Standart test yöntemi
Yetenek ve beceri testleri, objektif aday değerlendirme yönteminin en sık rastlanan çeşitleri olarak yer alıyor. Geleneksel test yöntemlerinin çok büyük bir bölümü şirketlerin kendi sistemlerine kolayca uyarlayabilecekleri şekilde hazırlanmıştır. Gerçekten de bu iki değerlendirme yöntemi, araştırmaya katılan şirketlerin çok büyük bir bölümünde gelecek dönemde hayata geçirilmesi gereken önemli bir proje olarak görülüyor.

Bununla beraber Tablo 5 ve 6’da görüldüğü gibi araştırmaya katılanların sadece yüzde 10’undan az bir kısmı yetenek ve beceri testlerini gelecek bir yıl içinde işe alım süreçlerine dahil etmeyi planlıyor.

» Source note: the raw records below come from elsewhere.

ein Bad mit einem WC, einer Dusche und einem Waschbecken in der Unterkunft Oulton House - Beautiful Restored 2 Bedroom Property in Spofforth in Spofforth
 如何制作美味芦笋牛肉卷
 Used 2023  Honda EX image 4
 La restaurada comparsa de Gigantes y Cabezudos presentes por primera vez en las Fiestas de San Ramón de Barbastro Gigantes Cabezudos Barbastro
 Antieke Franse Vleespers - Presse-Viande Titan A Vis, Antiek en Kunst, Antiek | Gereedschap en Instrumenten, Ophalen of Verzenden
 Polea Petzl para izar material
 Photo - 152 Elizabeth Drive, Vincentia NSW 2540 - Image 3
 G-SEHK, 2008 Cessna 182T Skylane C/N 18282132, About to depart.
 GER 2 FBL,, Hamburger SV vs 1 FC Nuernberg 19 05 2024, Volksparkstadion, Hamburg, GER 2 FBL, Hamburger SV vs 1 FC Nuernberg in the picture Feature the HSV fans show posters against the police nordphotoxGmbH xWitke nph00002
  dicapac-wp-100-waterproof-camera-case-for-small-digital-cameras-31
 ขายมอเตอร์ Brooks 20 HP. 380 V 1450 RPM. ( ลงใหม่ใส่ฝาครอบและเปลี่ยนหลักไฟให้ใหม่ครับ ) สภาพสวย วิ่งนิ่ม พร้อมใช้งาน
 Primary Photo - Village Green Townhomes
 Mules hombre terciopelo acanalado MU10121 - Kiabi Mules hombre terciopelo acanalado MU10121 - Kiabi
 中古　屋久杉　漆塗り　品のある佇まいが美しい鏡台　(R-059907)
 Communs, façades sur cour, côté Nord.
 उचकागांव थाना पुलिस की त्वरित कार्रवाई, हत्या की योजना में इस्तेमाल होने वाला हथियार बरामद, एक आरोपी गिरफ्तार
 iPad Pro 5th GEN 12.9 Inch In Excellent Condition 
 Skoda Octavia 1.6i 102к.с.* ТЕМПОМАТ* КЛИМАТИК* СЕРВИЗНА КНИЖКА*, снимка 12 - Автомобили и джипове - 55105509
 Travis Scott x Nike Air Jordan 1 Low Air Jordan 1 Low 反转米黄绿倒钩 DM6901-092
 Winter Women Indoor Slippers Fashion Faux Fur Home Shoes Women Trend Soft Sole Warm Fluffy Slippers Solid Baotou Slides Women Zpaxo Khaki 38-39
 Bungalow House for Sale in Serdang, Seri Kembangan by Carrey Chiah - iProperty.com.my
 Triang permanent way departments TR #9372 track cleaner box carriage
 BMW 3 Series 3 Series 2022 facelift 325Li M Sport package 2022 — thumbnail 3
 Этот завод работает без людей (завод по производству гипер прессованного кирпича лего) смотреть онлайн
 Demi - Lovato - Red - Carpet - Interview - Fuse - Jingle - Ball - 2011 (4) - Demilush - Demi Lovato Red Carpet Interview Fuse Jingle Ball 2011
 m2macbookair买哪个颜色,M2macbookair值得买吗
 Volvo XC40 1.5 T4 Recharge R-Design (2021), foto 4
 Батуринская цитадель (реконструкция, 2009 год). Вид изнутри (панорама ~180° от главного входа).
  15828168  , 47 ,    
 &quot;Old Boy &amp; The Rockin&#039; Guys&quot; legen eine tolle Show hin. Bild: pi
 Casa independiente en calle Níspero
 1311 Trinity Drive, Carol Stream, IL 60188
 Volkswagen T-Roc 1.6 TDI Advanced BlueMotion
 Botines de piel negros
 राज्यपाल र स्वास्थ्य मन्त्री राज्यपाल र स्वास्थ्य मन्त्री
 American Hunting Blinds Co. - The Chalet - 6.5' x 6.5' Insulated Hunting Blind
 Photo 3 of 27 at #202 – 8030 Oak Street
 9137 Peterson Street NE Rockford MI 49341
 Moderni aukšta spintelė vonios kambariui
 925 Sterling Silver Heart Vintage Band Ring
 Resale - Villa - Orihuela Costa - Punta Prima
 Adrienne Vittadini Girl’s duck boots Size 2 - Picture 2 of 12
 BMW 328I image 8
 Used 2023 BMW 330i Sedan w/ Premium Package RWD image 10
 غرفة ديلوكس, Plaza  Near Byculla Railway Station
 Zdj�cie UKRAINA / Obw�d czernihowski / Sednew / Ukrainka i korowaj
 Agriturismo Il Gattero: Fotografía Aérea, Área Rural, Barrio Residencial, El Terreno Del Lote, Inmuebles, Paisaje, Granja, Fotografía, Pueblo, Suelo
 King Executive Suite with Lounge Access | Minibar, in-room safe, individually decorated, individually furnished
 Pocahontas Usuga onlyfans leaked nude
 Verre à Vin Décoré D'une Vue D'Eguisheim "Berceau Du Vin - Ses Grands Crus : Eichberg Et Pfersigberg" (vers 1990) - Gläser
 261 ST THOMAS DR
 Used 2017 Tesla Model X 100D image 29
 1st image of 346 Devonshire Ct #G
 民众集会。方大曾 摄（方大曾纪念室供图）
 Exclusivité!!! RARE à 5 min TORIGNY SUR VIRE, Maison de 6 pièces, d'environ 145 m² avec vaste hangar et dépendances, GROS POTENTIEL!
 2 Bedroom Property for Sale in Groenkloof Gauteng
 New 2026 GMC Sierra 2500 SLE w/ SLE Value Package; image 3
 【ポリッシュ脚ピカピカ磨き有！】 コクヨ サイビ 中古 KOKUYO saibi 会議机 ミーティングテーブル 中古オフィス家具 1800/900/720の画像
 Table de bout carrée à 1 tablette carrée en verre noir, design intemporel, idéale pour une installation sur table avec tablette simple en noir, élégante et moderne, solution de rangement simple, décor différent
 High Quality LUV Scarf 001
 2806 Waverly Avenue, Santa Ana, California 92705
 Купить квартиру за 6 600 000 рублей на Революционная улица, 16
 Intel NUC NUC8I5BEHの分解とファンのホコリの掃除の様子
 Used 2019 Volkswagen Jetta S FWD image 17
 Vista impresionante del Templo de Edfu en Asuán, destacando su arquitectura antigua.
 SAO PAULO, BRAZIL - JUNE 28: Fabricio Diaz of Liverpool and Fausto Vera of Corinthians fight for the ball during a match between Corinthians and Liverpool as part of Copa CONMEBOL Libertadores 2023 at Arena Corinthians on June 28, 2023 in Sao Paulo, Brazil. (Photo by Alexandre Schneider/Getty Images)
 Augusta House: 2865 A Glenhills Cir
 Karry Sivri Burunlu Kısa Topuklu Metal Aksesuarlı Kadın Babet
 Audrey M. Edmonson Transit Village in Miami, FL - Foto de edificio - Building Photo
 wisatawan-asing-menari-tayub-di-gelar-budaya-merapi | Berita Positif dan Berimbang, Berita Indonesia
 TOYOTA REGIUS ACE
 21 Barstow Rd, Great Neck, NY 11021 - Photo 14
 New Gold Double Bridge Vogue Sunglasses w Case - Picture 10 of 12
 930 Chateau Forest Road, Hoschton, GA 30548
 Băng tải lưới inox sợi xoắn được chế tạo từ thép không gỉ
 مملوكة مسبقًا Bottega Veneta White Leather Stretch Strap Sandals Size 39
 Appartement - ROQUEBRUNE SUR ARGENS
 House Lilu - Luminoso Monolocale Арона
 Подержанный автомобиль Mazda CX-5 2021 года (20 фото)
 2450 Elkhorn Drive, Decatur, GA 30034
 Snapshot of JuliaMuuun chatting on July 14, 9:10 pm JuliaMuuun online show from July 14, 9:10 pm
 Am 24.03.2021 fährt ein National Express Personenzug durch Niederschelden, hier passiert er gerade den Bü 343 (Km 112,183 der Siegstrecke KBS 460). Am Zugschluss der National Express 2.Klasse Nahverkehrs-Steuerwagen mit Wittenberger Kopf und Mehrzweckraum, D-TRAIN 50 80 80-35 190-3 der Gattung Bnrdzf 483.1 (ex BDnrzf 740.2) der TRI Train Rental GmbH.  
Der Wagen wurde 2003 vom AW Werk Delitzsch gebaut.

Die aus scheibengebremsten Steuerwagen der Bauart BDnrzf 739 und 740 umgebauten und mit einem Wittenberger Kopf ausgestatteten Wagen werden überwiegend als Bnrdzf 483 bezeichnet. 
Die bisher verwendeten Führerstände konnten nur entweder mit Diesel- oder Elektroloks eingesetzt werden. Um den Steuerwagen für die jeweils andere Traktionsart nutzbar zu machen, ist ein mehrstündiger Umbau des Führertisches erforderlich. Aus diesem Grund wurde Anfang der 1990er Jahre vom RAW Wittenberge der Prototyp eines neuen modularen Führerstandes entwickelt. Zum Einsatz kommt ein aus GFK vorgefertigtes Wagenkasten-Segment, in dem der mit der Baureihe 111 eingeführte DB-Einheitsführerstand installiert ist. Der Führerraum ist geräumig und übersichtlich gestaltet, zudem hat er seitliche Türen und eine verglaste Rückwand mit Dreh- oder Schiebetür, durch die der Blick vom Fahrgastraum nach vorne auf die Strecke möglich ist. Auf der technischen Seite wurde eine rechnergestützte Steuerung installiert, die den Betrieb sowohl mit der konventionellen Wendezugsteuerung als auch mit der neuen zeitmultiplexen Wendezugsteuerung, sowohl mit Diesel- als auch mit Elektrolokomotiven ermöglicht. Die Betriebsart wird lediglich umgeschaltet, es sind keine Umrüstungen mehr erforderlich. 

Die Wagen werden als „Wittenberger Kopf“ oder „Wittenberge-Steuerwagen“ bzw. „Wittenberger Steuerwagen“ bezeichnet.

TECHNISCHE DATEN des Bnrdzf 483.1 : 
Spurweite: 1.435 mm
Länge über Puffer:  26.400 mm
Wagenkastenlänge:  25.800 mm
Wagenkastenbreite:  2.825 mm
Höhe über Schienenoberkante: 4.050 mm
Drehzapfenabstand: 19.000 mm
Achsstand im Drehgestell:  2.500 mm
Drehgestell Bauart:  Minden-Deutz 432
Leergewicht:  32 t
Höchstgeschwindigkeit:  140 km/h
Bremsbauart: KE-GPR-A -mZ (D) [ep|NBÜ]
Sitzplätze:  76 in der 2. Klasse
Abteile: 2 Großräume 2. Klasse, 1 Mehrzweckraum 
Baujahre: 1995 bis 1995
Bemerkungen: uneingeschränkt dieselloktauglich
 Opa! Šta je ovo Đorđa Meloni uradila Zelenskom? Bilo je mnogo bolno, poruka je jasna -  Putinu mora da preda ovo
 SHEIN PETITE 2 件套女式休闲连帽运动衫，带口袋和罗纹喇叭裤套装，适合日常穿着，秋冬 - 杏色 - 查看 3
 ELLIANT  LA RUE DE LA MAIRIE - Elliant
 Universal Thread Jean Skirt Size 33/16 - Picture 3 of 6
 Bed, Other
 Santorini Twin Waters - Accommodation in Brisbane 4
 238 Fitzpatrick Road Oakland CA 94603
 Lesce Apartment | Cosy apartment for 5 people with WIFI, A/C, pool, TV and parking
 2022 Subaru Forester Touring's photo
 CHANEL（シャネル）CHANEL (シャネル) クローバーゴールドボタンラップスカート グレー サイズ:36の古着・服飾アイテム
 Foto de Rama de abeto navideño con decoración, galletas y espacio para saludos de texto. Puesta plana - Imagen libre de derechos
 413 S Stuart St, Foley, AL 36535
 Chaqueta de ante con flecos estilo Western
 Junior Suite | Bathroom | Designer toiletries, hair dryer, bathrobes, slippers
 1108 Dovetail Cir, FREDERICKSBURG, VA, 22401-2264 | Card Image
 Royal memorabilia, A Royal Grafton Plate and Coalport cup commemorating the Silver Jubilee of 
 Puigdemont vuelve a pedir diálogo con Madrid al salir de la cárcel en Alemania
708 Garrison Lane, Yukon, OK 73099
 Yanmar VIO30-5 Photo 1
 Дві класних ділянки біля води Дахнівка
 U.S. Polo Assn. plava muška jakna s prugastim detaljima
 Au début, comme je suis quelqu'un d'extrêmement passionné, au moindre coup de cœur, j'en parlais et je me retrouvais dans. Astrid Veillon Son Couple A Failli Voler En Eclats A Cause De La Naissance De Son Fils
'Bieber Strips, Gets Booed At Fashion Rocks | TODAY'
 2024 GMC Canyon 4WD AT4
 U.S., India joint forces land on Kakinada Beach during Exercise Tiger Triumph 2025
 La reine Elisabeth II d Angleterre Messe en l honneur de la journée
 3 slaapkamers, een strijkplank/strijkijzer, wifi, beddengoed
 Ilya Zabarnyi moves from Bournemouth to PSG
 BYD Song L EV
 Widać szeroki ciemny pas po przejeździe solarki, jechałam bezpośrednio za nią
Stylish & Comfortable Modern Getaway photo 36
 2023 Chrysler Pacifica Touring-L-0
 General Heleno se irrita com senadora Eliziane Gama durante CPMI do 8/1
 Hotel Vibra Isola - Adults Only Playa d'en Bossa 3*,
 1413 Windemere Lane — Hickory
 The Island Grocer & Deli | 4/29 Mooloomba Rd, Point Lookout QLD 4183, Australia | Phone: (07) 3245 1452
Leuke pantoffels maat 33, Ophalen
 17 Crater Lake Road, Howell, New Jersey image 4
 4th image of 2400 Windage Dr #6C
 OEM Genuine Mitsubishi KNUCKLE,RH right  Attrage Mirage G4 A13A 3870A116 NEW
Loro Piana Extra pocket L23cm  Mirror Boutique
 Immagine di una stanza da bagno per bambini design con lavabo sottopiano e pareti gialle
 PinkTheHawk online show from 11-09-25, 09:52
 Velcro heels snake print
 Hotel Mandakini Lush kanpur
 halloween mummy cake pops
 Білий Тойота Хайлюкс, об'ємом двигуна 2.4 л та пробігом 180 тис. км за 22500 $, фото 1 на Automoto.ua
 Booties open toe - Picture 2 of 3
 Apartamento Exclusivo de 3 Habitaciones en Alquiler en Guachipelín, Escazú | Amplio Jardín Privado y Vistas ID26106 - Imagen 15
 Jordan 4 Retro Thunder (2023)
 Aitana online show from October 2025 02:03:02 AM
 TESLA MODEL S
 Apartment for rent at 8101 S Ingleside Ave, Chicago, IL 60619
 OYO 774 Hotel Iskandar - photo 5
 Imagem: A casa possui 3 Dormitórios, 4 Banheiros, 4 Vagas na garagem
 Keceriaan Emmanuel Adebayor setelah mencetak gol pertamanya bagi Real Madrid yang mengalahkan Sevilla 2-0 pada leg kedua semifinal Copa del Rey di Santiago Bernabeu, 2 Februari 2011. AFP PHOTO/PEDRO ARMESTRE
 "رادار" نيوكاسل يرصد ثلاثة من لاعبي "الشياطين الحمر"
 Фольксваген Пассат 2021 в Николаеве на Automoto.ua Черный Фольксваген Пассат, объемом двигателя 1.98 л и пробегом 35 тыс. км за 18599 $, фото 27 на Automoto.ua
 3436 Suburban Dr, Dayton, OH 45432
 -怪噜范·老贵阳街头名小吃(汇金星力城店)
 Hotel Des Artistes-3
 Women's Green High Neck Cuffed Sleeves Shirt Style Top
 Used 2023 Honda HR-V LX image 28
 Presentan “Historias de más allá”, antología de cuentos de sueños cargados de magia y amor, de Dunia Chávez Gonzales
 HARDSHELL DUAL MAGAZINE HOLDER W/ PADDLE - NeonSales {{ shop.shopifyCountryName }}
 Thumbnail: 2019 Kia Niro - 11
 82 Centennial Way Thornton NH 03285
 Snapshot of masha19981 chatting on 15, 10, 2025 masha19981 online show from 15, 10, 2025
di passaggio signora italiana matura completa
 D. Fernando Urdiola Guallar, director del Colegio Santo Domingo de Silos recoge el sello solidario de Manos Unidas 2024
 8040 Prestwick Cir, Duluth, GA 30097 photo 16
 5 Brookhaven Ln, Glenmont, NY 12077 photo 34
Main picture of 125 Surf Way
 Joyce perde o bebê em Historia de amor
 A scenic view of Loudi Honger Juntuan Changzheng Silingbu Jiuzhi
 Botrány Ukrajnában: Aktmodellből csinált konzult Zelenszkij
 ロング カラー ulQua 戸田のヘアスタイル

İş yapış stili veya mesleki kişilik
Tıpkı yetenek ve beceri testlerinde olduğu gibi iş yapış stili ve mesleki kişilik testlerini aday değerlendirme sürecine dahil eden şirket sayısı araştırmaya katılanların yarısından daha az... Tablo 7’de de görüldüğü gibi araştırmaya katılan firmaların sadece yüzde 5’i gelecek bir yıl içinde bu tarz aday değerlendirme yöntemlerini uygulamaya koyacaklarını söylüyor. Bu da bu oranın gelecek dönemde de çok fazla değişmeyeceğinin bir göstergesi denilebilir.

Simülasyon ve iş denemeleri
Dönemsel olarak istihdam edilen bir elemanın belli bir süre geçtikten sonra kadrolu olarak işe alınması aslında iş denemelerine bir örnek olarak gösterilebilir. Simülasyonlar ve sanal iş denemeleri, gelişen teknolojinin de desteği ile firmaların çalışanın gelecekte nasıl bir iş performansı göstereceğini en kolay ve en ucuz yoldan anlamasını sağlıyor.

Bu iki yöntem sayesinde adaylar sanal bir ortamda iş hayatında karşılaşabilecekleri sorun çözme durumları, operasyonel düzenlemeler ve görevler ile karşı karşıya kalıyorlar. Bu uygulamanın bilgisayar ortamında yönetilmesi ise elde edilen sonuçların çok daha kesin ve güvenilir olmasını sağlıyor. Tablo 8 ve 9’da görüldüğü gibi araştırmaya katılan şirketlerden çok azı bu süreçlerde teknolojiden faydalanıyorlar.

Bunun yanı sıra adaylar da şirketlerden işe alım süreçlerinde daha fazlasını beklemeye başladılar. Yüksek teknolojinin kullanıldığı bir ortamda hayata geçirilen bir işe alım sürecinin değeri sadece adayın gelecek iş performansını tahmin etmek açısından yararlı değil, aynı zamanda adayın da kendisini interaktif bir iş ortamında değerlendirmesine olanak veriyor. Bu tarz uygulamaların multimedya aracılığı ile gerçekleştirilmesi giderek daha da yaygınlaşıyor.

Final değerlendirme
İşe alım süreçlerini objektif yöntemleri dahil ederek geliştirmek isteyen İnsan Kaynakları profesyonellerinin önünde oldukça fazla kaynak var. Fakat bu uygulama alanı, üzerinde düşünülmüş ve eğitimli bir bakış açısını gerektiriyor.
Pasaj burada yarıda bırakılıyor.